(Provided information begins)
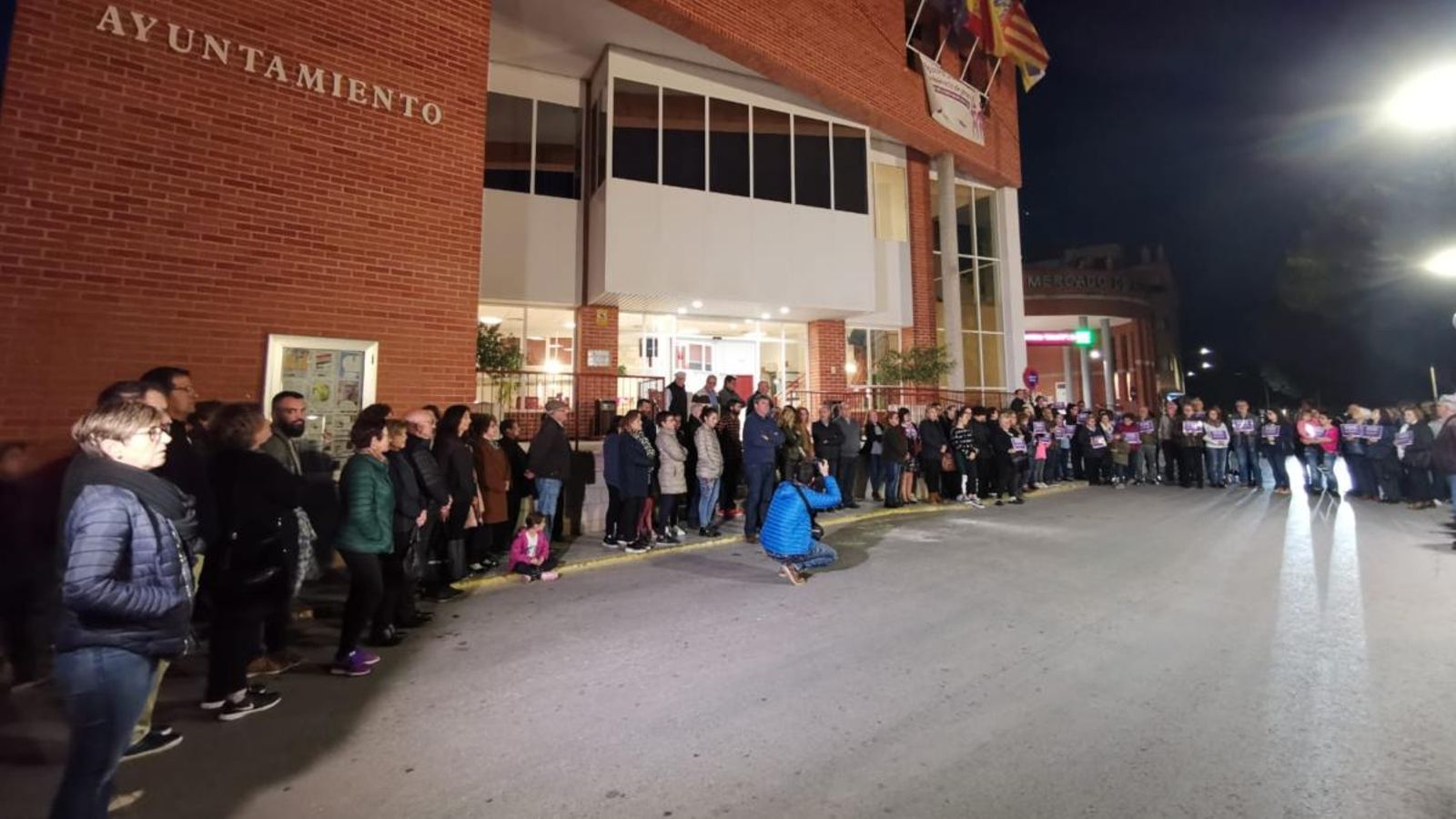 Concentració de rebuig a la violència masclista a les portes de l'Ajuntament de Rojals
(Provided information ends)
(Provided information begins)
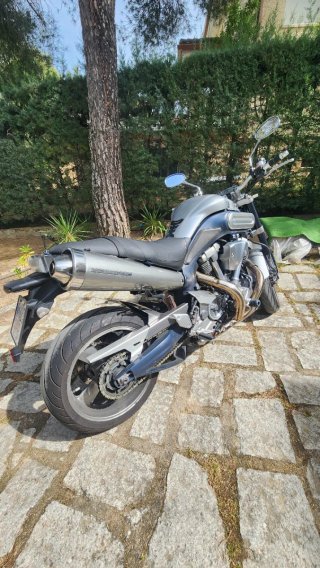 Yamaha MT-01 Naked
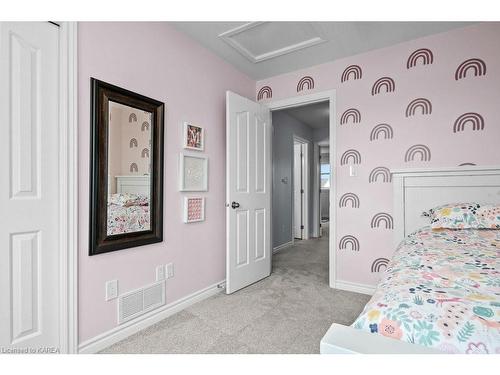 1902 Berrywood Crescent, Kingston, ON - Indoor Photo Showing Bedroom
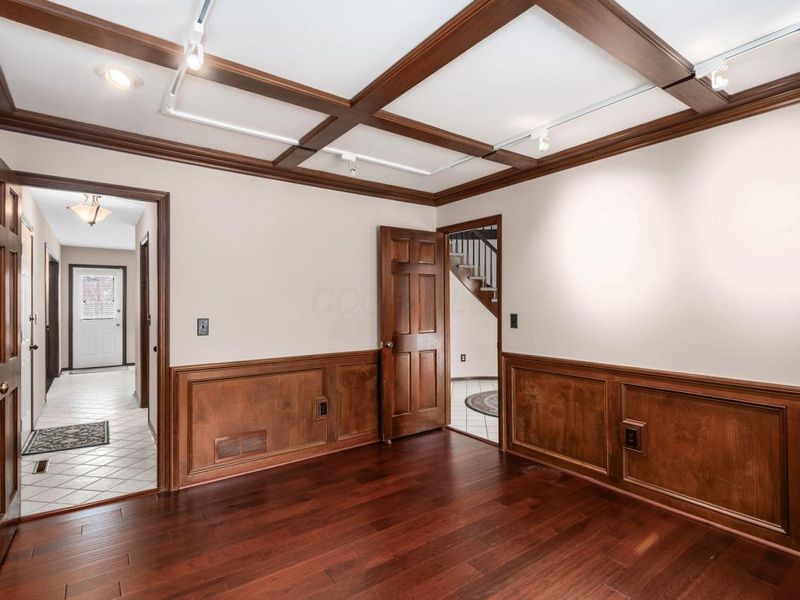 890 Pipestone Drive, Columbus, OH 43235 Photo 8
(Provided information ends)
(Provided information begins)
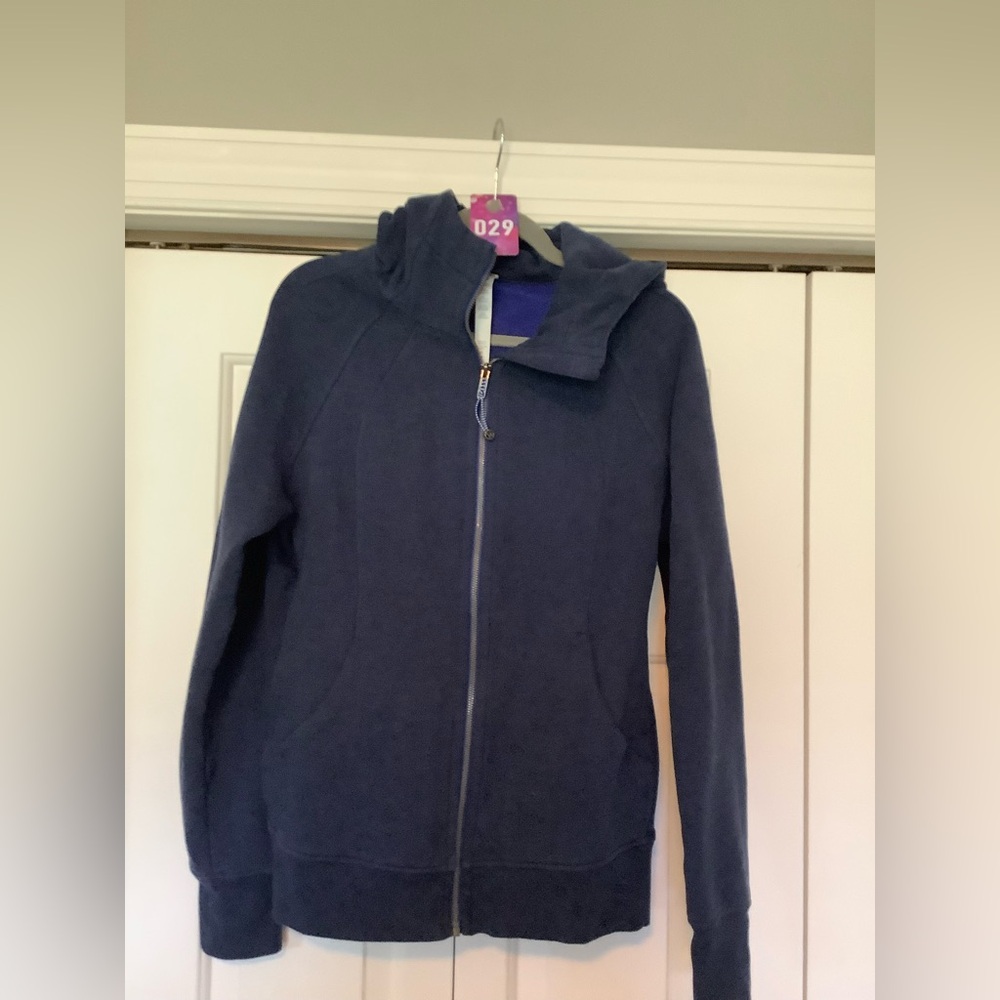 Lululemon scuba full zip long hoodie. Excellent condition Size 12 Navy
(Provided information ends)
Leaving every picture aside, reproduce exactly the lines above from the one with "1902 Berrywood Crescent, Kingston, ON" up to and including the one with "890 Pipestone Drive, Columbus, OH", and no others.

 1902 Berrywood Crescent, Kingston, ON - Indoor Photo Showing Bedroom
 890 Pipestone Drive, Columbus, OH 43235 Photo 8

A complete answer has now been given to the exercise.